#### The data

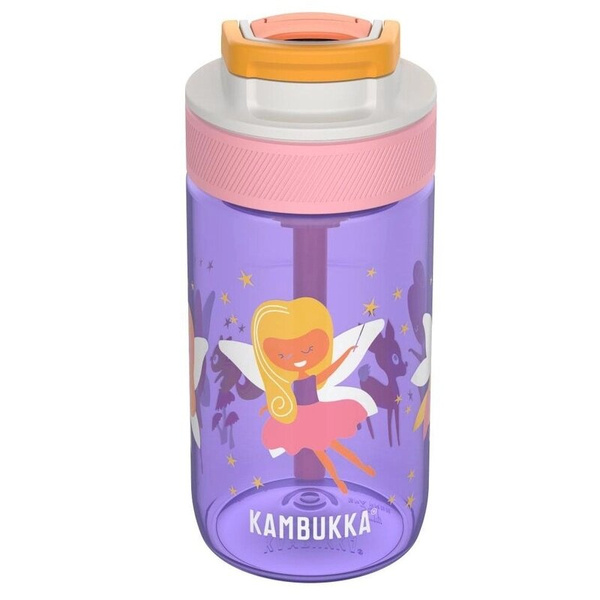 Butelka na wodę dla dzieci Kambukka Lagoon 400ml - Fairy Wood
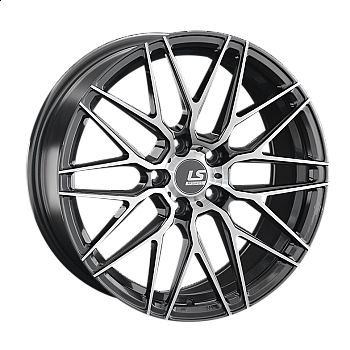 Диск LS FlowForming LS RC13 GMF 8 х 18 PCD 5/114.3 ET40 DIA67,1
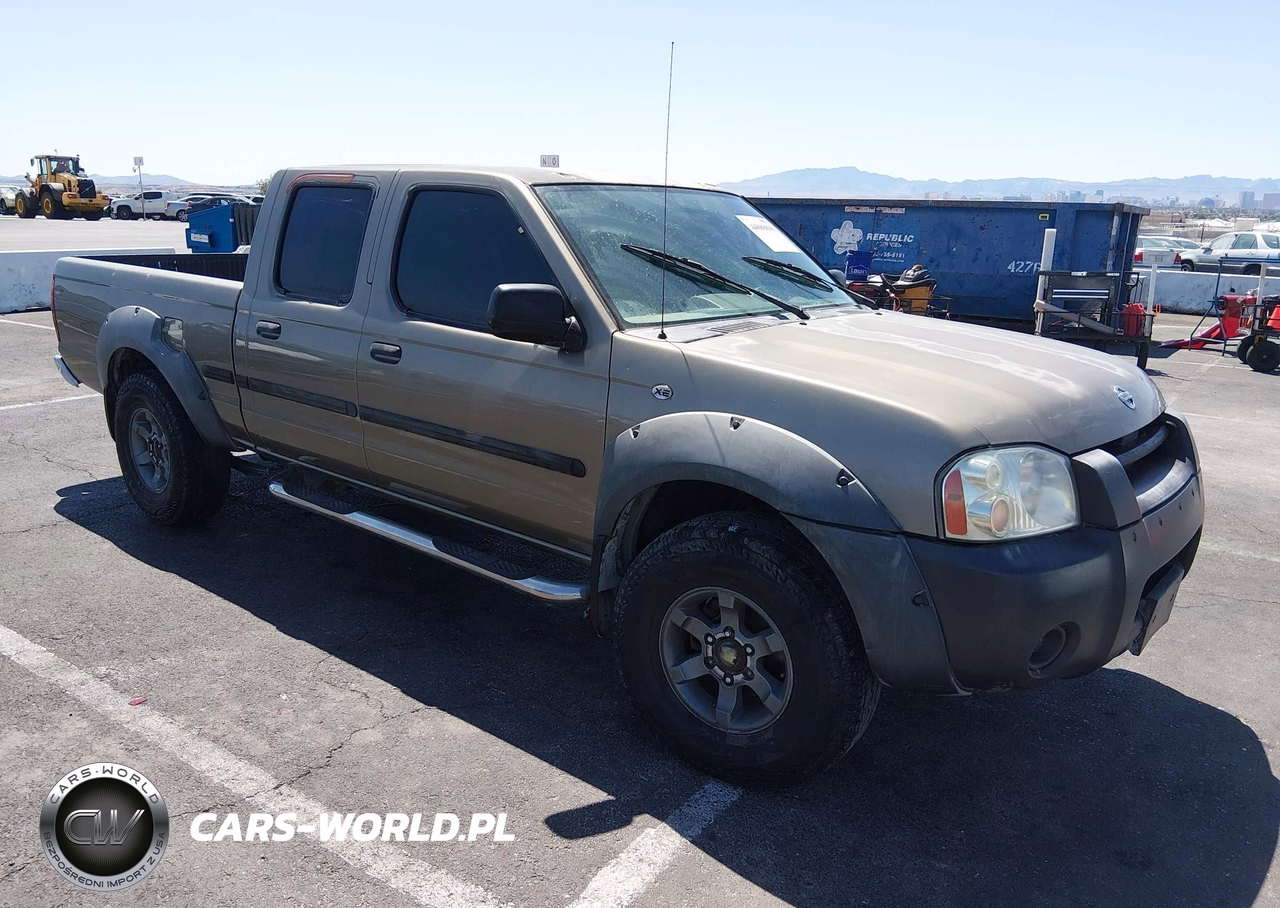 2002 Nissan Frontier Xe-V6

########

■ Work item:
Your copy should start at the line with "Диск LS FlowForming", stop at the last line of the listing above, match exactly, and contain no pictures.

■ Completed task:
 Диск LS FlowForming LS RC13 GMF 8 х 18 PCD 5/114.3 ET40 DIA67,1
 2002 Nissan Frontier Xe-V6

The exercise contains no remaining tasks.